How to complete this task. Retype, word for word, only the lines from the one containing "Bracelet bouddhiste avec" through the last line of the listing below. Pictures do not belong in the result.

Given material.

★ ★ ★ ★ ★ ★ ★

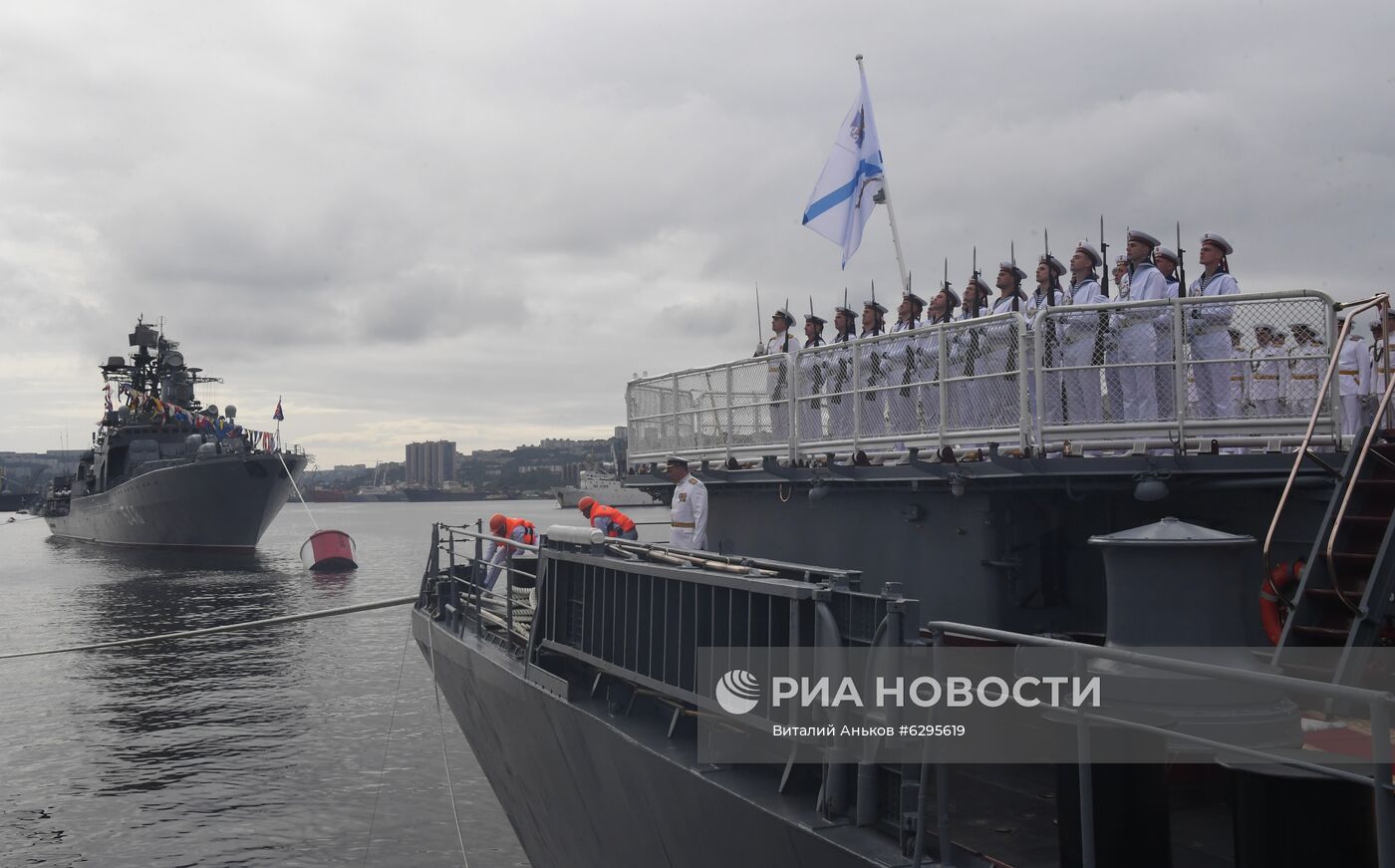 День ВМФ в городах России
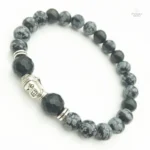 Bracelet bouddhiste avec perles d'agate colorées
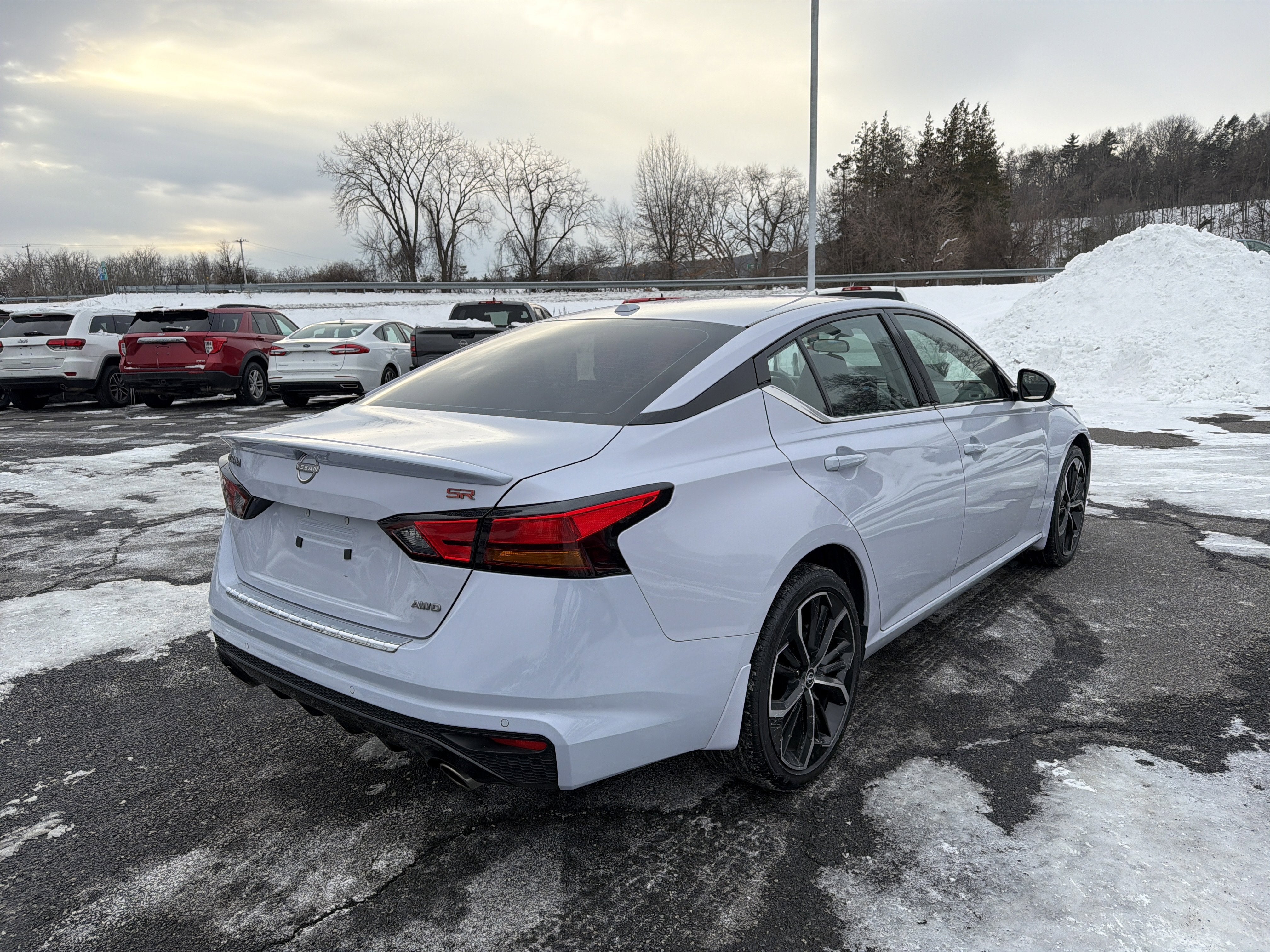 2023 Nissan Altima 2.5 SR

★ ★ ★ ★ ★ ★ ★

Exercise solution.
 Bracelet bouddhiste avec perles d'agate colorées
 2023 Nissan Altima 2.5 SR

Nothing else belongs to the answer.